In Jane Austen’s Persuasion, we see inside Lady Russell’s mind when the narrator slips into a technique called free indirect speech or free indirect discourse(19). Some critics believe that Austen is the first English novelist to employ this technique. In this technique, the narrator uses the tone and diction of a character but does not put those words within quotation marks and does not attribute those words (either directly or indirectly) to the character. [For example: Sally studied all Saturday night. Had her stinking professors plotted to ruin her weekend?]

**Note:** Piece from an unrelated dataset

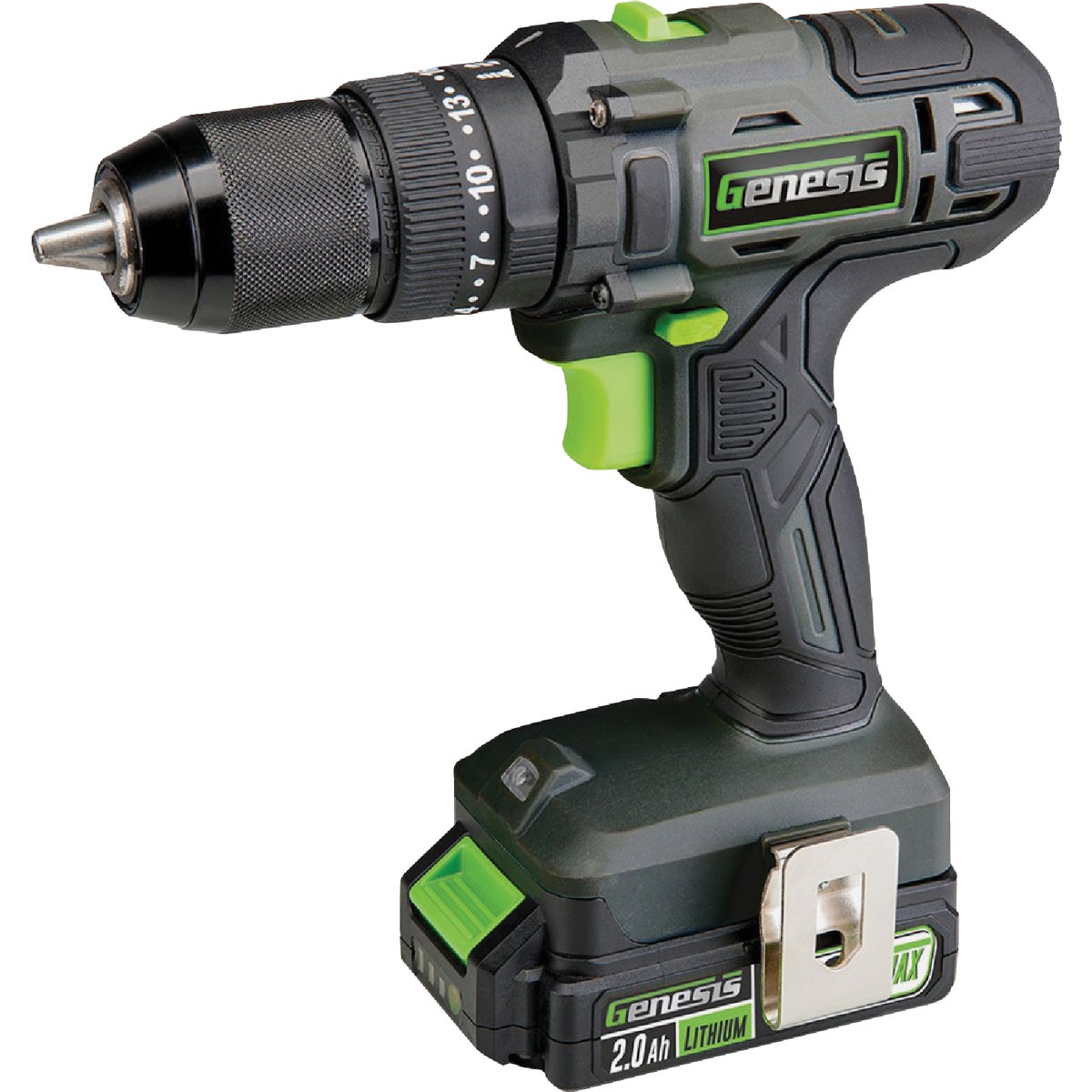 Genesis G20MAX 20V 1/2 In. 2-Speed Cordless Hammer Drill Kit with 2.0 Ah Battery & Charger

The effect of free indirect speech on the reader is like a zoom lens closing in on the mind of the character. Look at the bottom of page 18, and you will see what I mean. First, start looking at the sentence before the free indirect speech begins:. We have first Sir Walter’s reaction to Wentworth’s proposal and then Lady Russell’s:
He thought it a very degrading alliance; and Lady Russell, though with more tempered and pardonable pride, received it as a most unfortunate one.(18)
In this sentence, we hear the narrator’s voice, but with the next paragraph, we are inside Lady Russell’s mind rather than with an objective narrator. Listen!
Anne Elliot, with all her claims of birth, beauty, and mind, to throw herself away at nineteen — involve herself at nineteen in an engagement with a young man, who had nothing but himself to recommend him, and no hopes of attaining affluence but in the chances of a most uncertain profession, and no connections to secure even his farther rise in that profession — would be, indeed, a throwing away, which she grieved to think of! Anne Elliot, so young; known to so few, to be snatched off by a stranger without alliance or fortune; or rather sunk by him into a state of most wearing, anxious, youth-killing dependance! It must not be, if by any fair interference of friendship, any representations from one who had almost a mother’s love, and mother’s rights, it would be prevented. (18-19)
Phrases such as “throw herself away” and “snatched off by a stranger” indicate to us that we are no longer in the hands of an objective narrator; rather, we are overhearing the inner workings of Lady Russell’s mind.